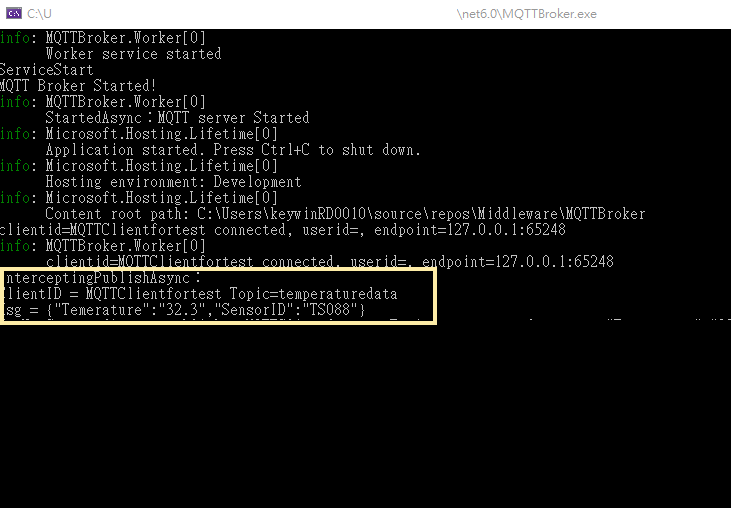MQTT Broker 成功收到 Client 發布 (publish) 的訊息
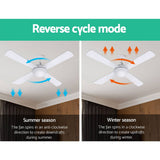darrahopens Appliances > Fans Devanti 52'' Ceiling Fan w/Light w/Remote Timer - White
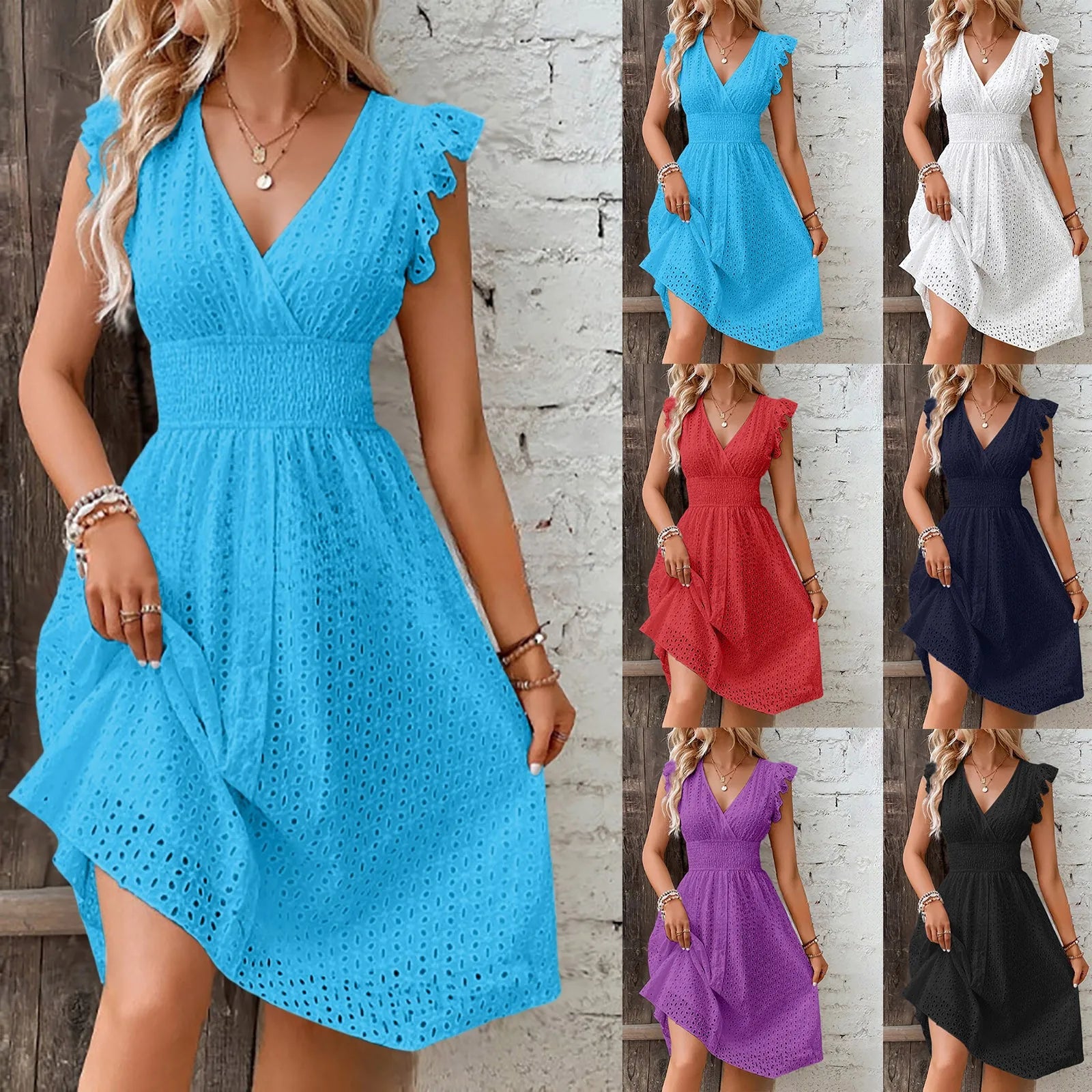 Hollow Out Slim V Neck Elastic Waist Midi Dress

PROBLEM TO WORK ON → Give the data again exactly. Keep the images out.

TASK RESULT →
MQTT Broker 成功收到 Client 發布 (publish) 的訊息
darrahopens Appliances > Fans Devanti 52'' Ceiling Fan w/Light w/Remote Timer - White
 Hollow Out Slim V Neck Elastic Waist Midi Dress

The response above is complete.